The Straits Times today published this article on how community gardens can bring people together. So far, 390 community gardenening groups have popped up in the last 5 years, which is great news to us!
Planting the seeds for blooming ties
Community gardening seen as a means of social integration
COMMUNITY gardening can mean much more than merely planting trees in public places.
In multicultural, multiracial cities such as Singapore, it also helps to bring the community closer together.
The bonding effect of community gardening was highlighted to 230 participants at the Creating Liveable Cities Through Community Gardens seminar at Orchard Parade Hotel yesterday.
Part of the seminar series this year by the Centre for Urban Greenery and Ecology (CUGE), the event was the first of its kind on community gardening.
CUGE is jointly established by the National Parks Board (NParks) and the Workforce Development Agency.
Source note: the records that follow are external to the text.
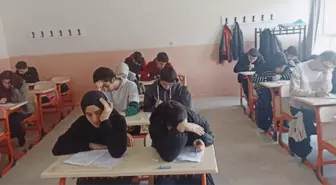 Baskil'de Liselere Geçiş Sistemi ve YKS'ye Hazırlanan Öğrencilere Deneme Sınavı Düzenlendi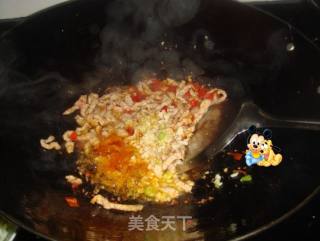 鱼香肉丝的做法步骤：2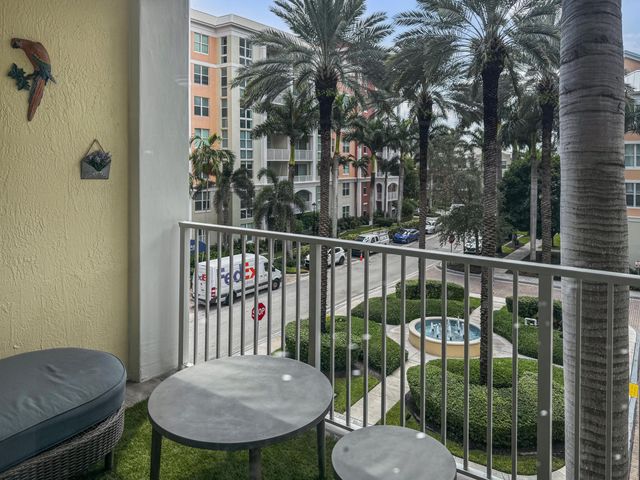 802 W Windward Way 304, Lantana, FL 33462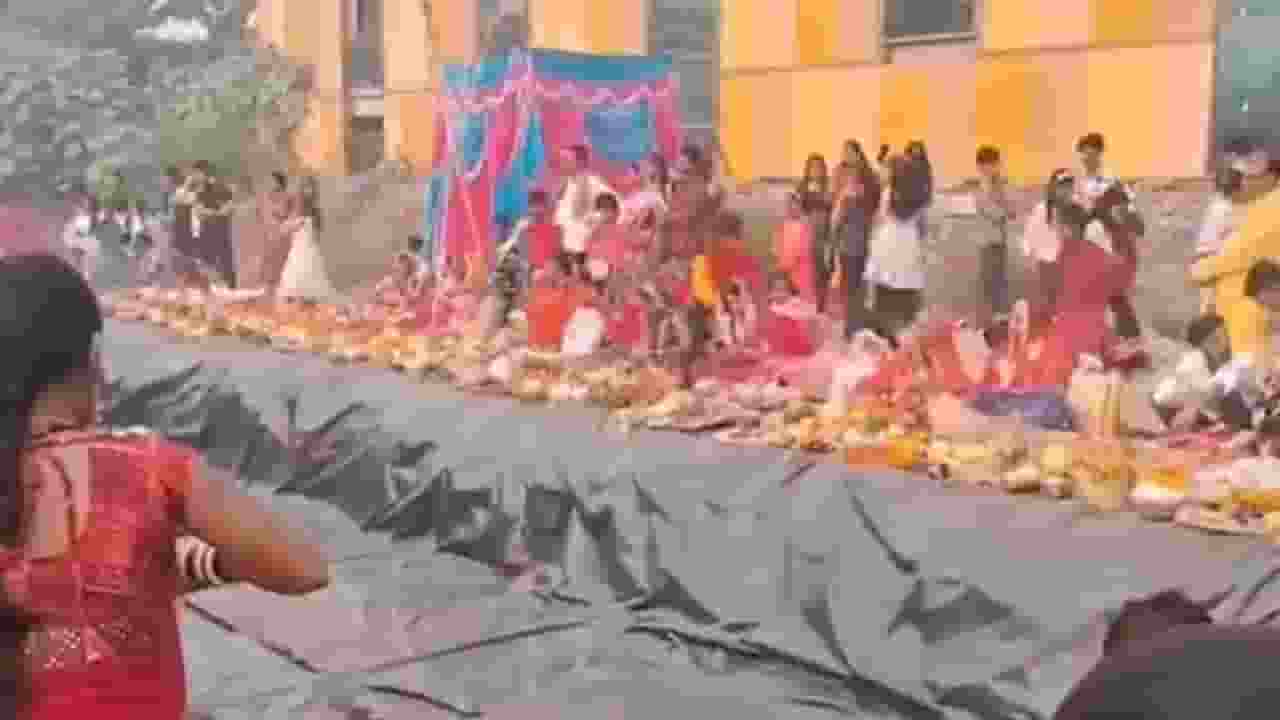 delhi chhat ghat in geeta colony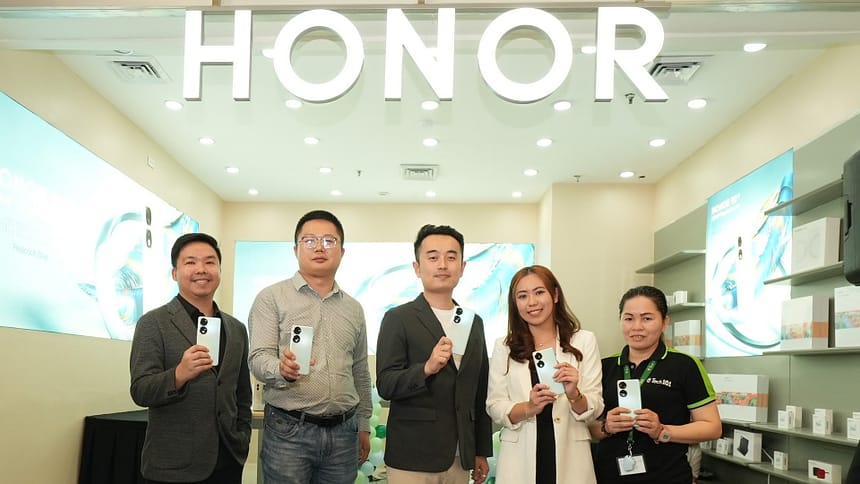 HONOR Philippines PR Manager Pao Oga Retail Sales Director Tom Yuan GTM Manager Steven Yan and Brand Marketing Manager Joepy Libo on with EC Panda Store OIC Evelyn Enong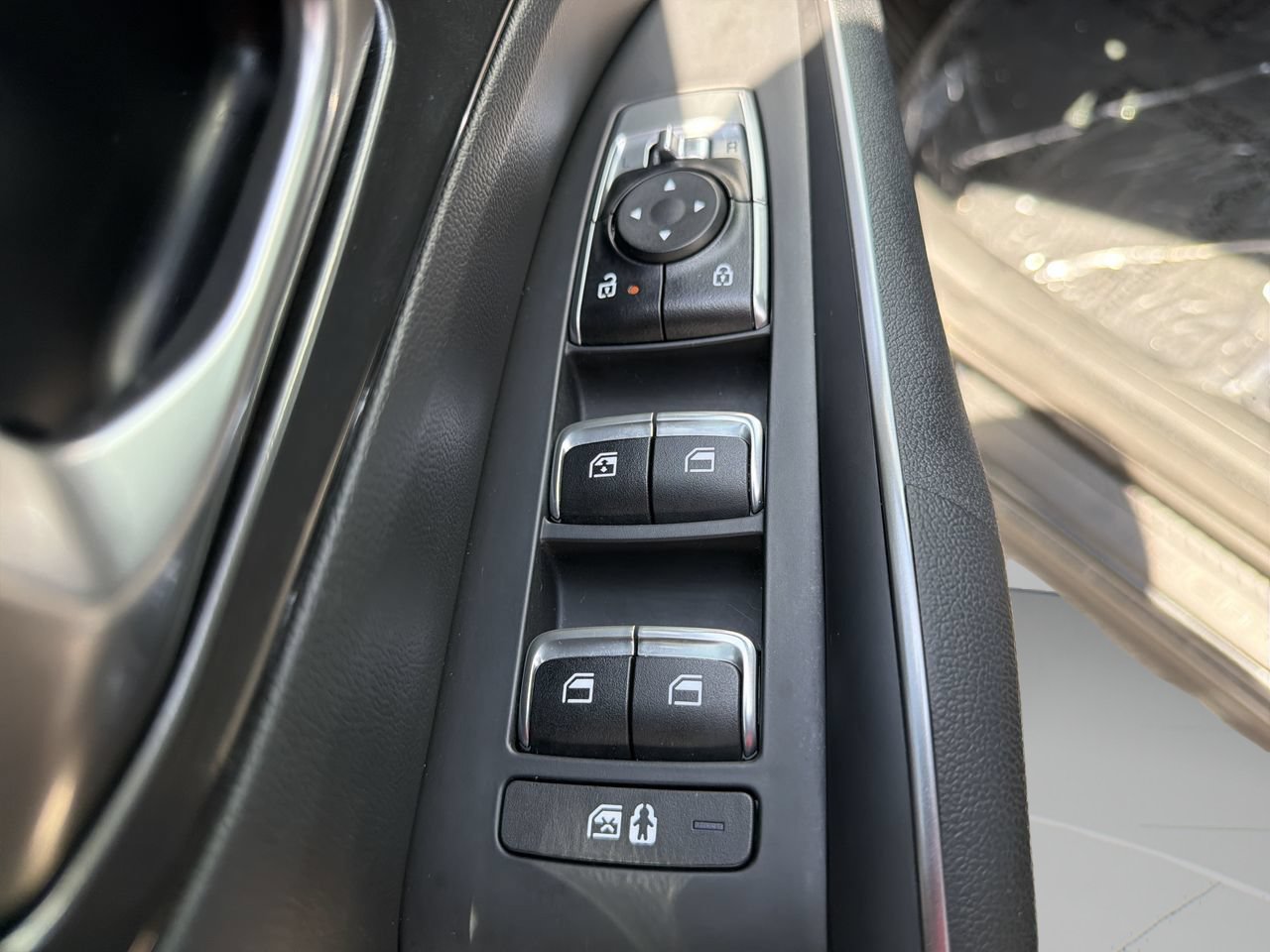 Used 2025 Kia Sorento S FWD image 18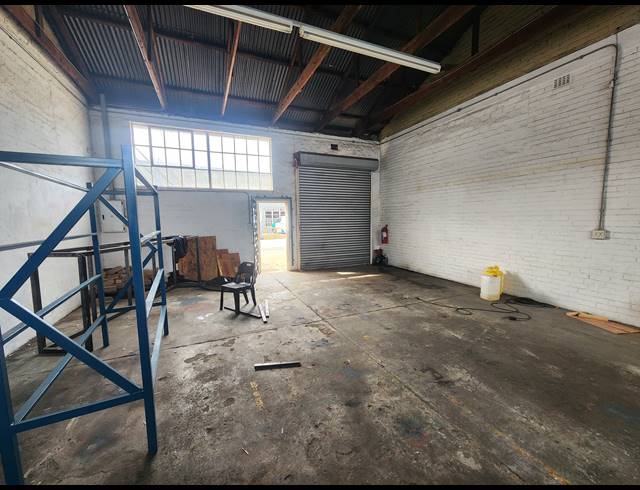 95M² WAREHOUSE TO LET IN WADEVILLE
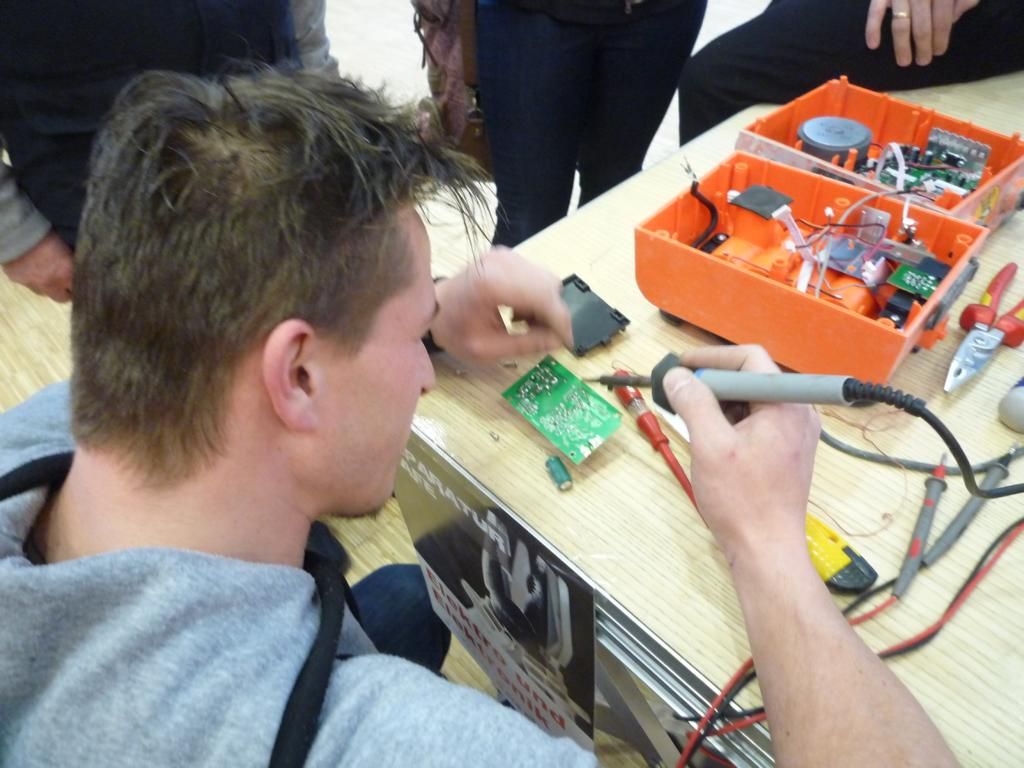 Das ehrenamtliche Reparaturteam freut sich auf viele BesucherInnen in Sillian. Foto: Miteinand in Sillian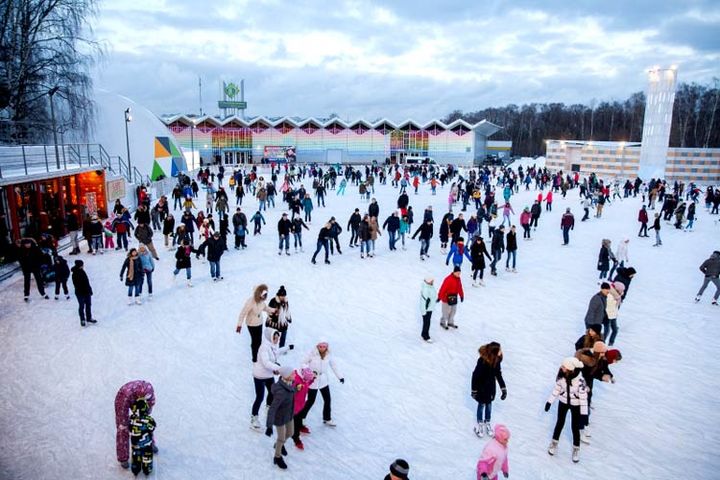 Skating rink in Sokolniki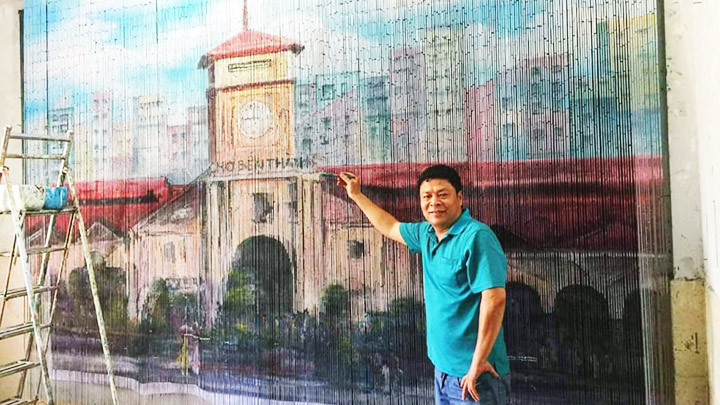Họa sĩ Nguyễn Thái Vinh và một tác phẩm của anh. Long lanh tranh trúc -0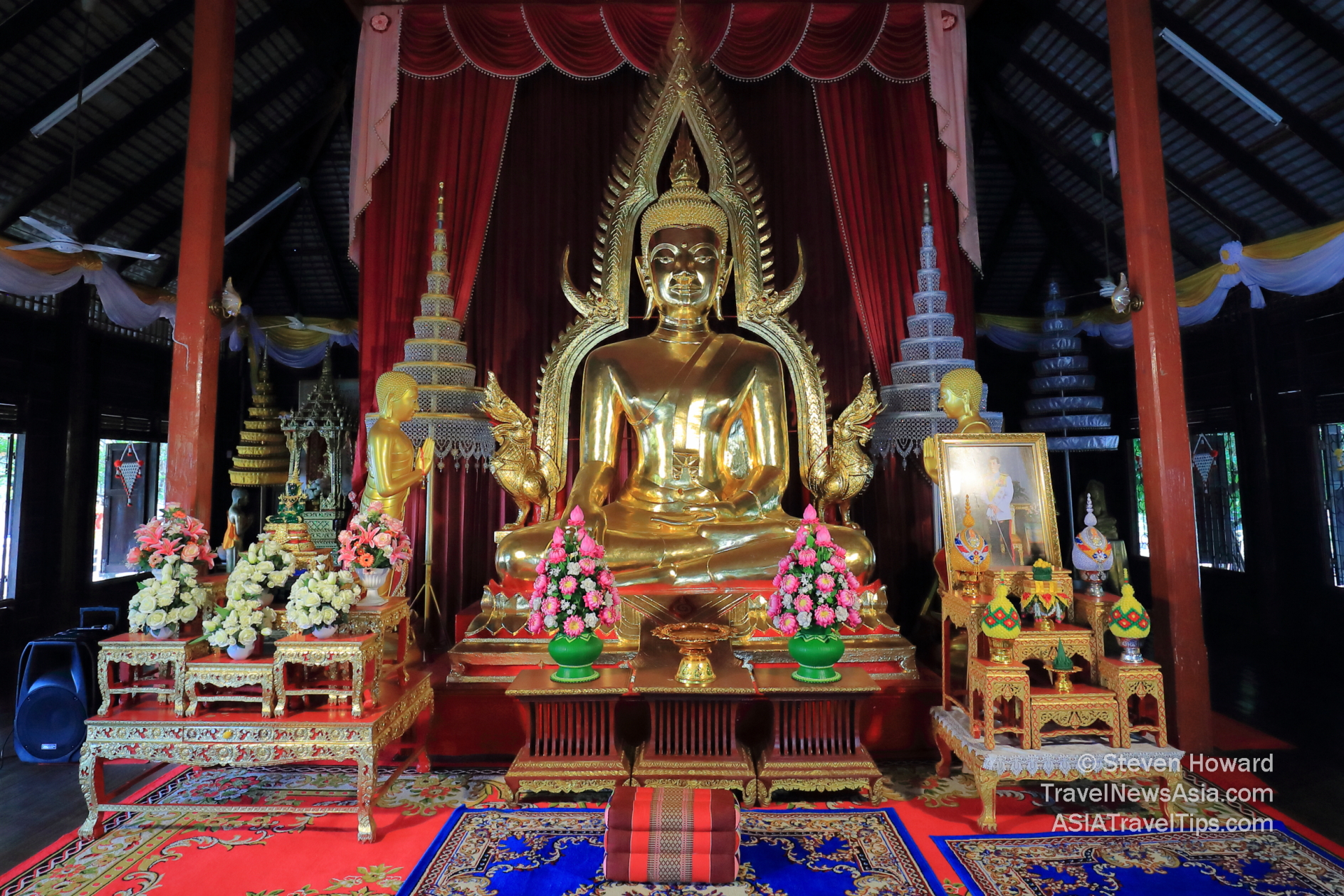 Inside a temple in Ubon Ratchathani, Thailand. Picture by Steven Howard of TravelNewsAsia.com Click to enlarge.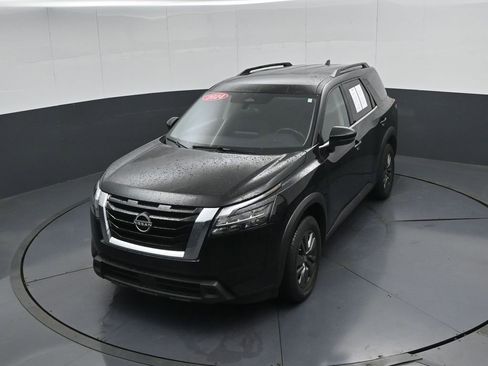 Used 2024 Nissan Pathfinder SV AWD/4WD image 49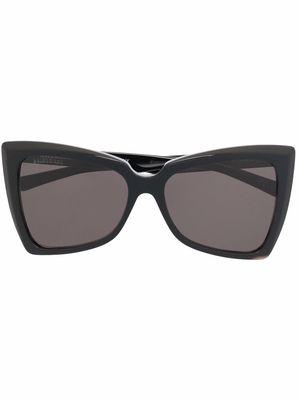 Balenciaga Eyewear butterfly-frame tinted sunglasses - Black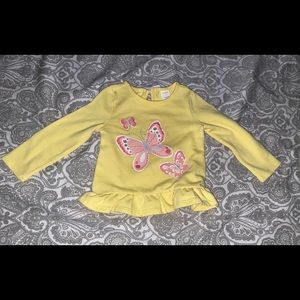girls yellowtop with butterflies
With 390 local community gardening groups emerging in just five years, gardening has become a means of social integration, learning and community building.
‘In multiracial, multicultural Singapore, community gardening is a great way to get to know one’s neighbours and make friends,’ said Mr Wilson Wong, founder of Green Culture Singapore – the leading online gardening forum here – and one of the speakers yesterday. The 31-year-old started a community garden in Serangoon North in 2007, which was featured in BBC’s 2008 television series Around The World In 80 Gardens.
Someone who attests to the success of community gardens as avenues for social bonding is Mr Melvin Gamayot, a Filipino who came to Singapore in 1994.
Mr Gamayot, 42, who admitted he had ‘never planted a tree in his life’ before coming here, gamely decided to contribute to the Pasir Ris Zone 5 residents’ committee (RC) community garden after moving into the area in 2006.
Armed with two potted plants, he brought his Filipino wife and three children to the eco-garden to mingle with his neighbours.
‘I did not want to isolate myself and I knew it was up to me to make an effort,’ said the architect who decided to take up Singapore citizenship in 2007.
‘It is a great way to find playmates for the kids, too.’
Giving the keynote speech yesterday, Mr Nigel Colborn, former vice-chairman and current member of the Royal Horticultural Society’s Council in Britain, also stressed the significance of plant life to both the ecosystem and urban communities. He advocated gardening in public plots of land as a means of encouraging people to have a stake in the nation. Community gardening also safeguards the green areas through inspiring responsibility and commitment to these projects.
Comparing NParks’ Community In Bloom programme, which promotes and facilitates gardening efforts by the community, to the state of community gardening in Britain, Mr Colborn found Singapore to have ‘achieved more in a far shorter time’, making it a ‘shining example to other countries’.
As the local gardening groups are based in only 32 per cent of all RCs and 35 per cent of private housing estates, according to NParks director of streetscape Simon Longman, he pointed out that there is much more potential for the growth of these communities.
Taking up a suggestion from Mr Colborn, Mr Longman revealed that NParks is considering a nationwide, inter-constituency gardening competition that could be inaugurated as early as next year to coincide with the arrival of the 20th World Orchid Conference to Singapore.